Where an entry contains a picture, omit the picture and repeat the rest exactly.

(Extracted data entries)
......

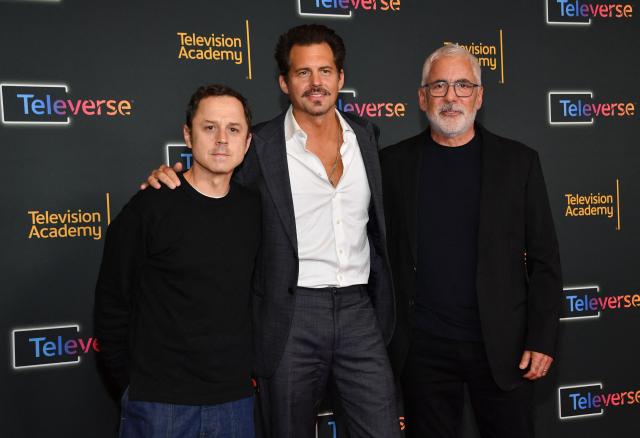 US actors Giovanni Ribisi (L), Kristoffer Polaha (C) and director Adam Arkin (R) attend the Television Academy's Inaugural Televerse Festival at JW Marriott LA Live in Los Angeles on August 14, 2026. (Photo by Chris Delmas / AFP)
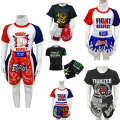 ZhuoAo Boxing Costumes Kids Sparring Fighting Shorts Muay Thai Free Fighting Tights Set, Style: T...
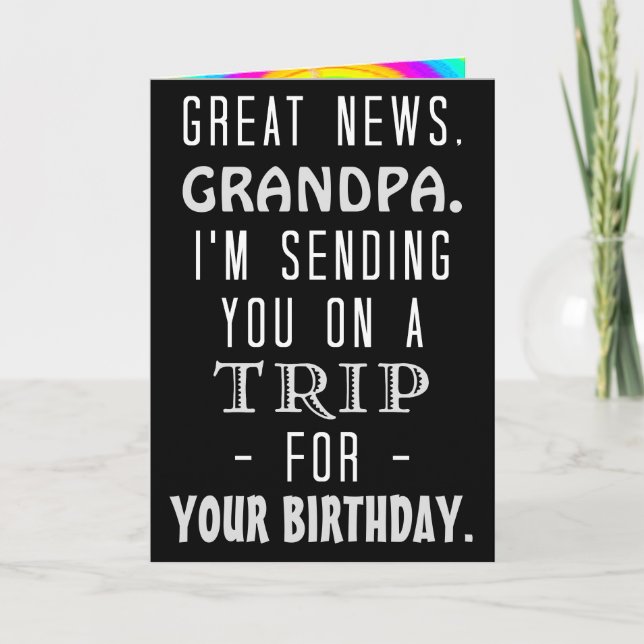 Funny Grandpa Birthday Trip Retro Hippie Humor Card (Front)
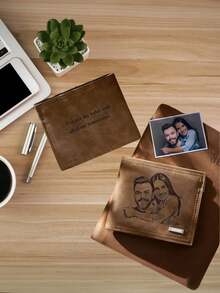 1pc/Customized Men's Wallet, Laser Engraving Process, Can Be Customized With Pictures, Text, Suitable For Dads, As Well As Boyfriends Gee Day Gifts - Multicolor - View 2
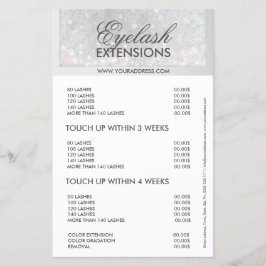 Eyelash Extensions Snow Glitter Star-prijslijst Flyer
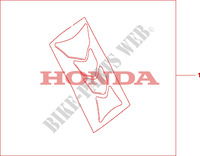 TANK PAD HRC LOGO for Honda CBR 1000 RR FIREBLADE ABS BLACK 2011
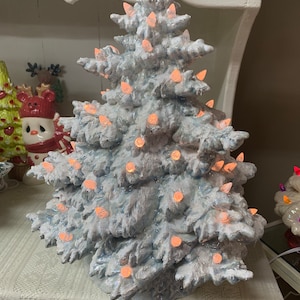 Handcrafted ceramic  light up Christmas Tree
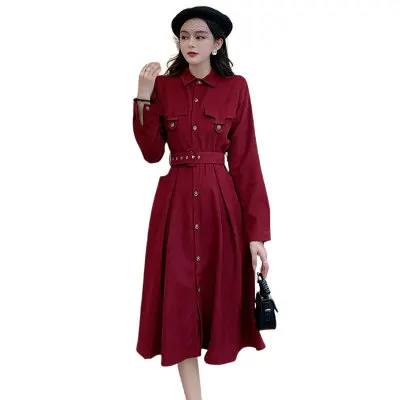 Corduroy Dress Women Elegant Office Ladies xxl Dresses for Women Autumn French Vintage Long Sleeve Dress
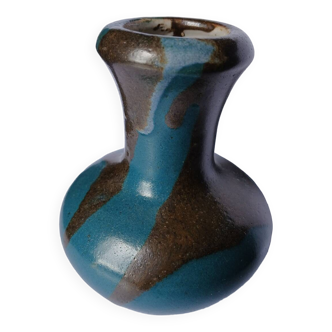 Puisaye stoneware vase signed Jean Pointu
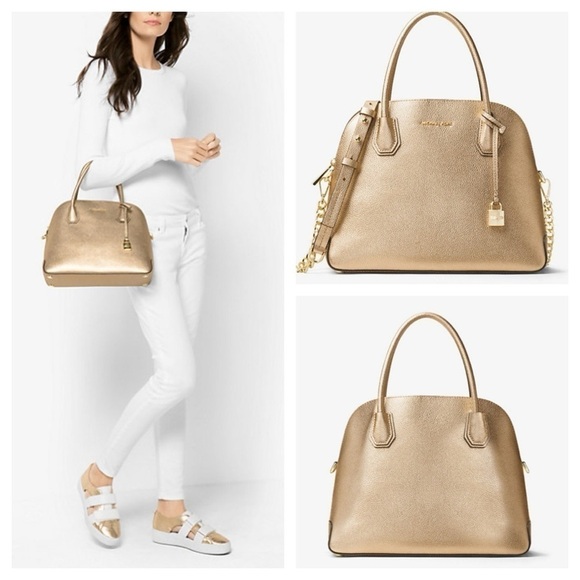 MICHAEL MICHAEL KORS
Mercer Large Metallic Leather Dome Satchel Bag  Gold - Picture 1 of 17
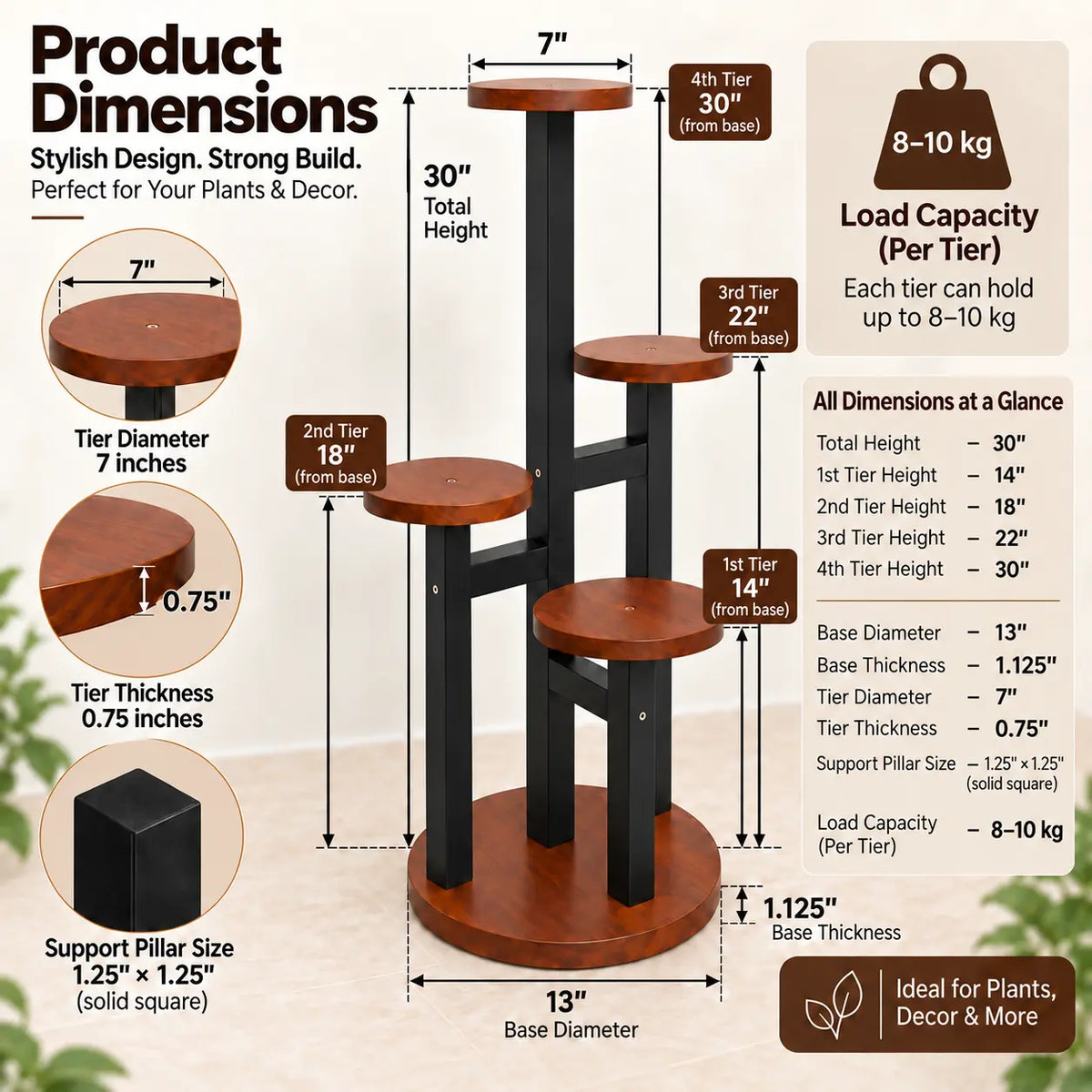 4_tier_Indoor_plant_stand_measurements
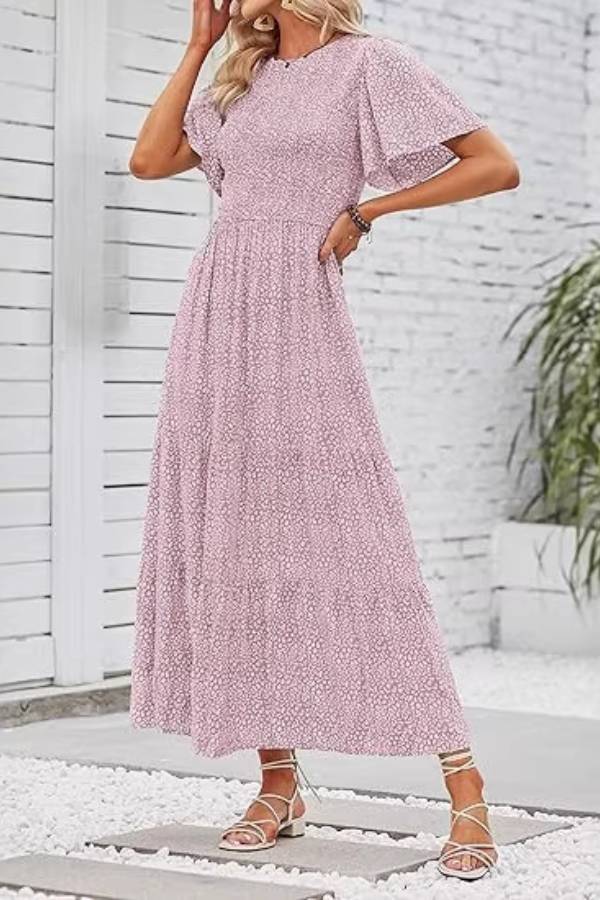 Floral Print Round Neck Short Sleeve Tiered Maxi Dress
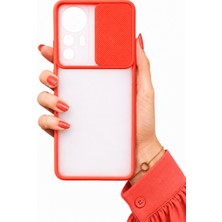 Noktaks Xiaomi Mi 12 Uyumlu Kılıf Sürgülü Kamera Korumalı Mat Lensi Telefon Kılıfı - Kırmızı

......

ANSWER TO THE PROBLEM:
 US actors Giovanni Ribisi (L), Kristoffer Polaha (C) and director Adam Arkin (R) attend the Television Academy's Inaugural Televerse Festival at JW Marriott LA Live in Los Angeles on August 14, 2026. (Photo by Chris Delmas / AFP)
 ZhuoAo Boxing Costumes Kids Sparring Fighting Shorts Muay Thai Free Fighting Tights Set, Style: T...
 Funny Grandpa Birthday Trip Retro Hippie Humor Card (Front)
 1pc/Customized Men's Wallet, Laser Engraving Process, Can Be Customized With Pictures, Text, Suitable For Dads, As Well As Boyfriends Gee Day Gifts - Multicolor - View 2
 Eyelash Extensions Snow Glitter Star-prijslijst Flyer
 TANK PAD HRC LOGO for Honda CBR 1000 RR FIREBLADE ABS BLACK 2011
 Handcrafted ceramic  light up Christmas Tree
 Corduroy Dress Women Elegant Office Ladies xxl Dresses for Women Autumn French Vintage Long Sleeve Dress
 Puisaye stoneware vase signed Jean Pointu
 MICHAEL MICHAEL KORS
Mercer Large Metallic Leather Dome Satchel Bag  Gold - Picture 1 of 17
 4_tier_Indoor_plant_stand_measurements
 Floral Print Round Neck Short Sleeve Tiered Maxi Dress
 Noktaks Xiaomi Mi 12 Uyumlu Kılıf Sürgülü Kamera Korumalı Mat Lensi Telefon Kılıfı - Kırmızı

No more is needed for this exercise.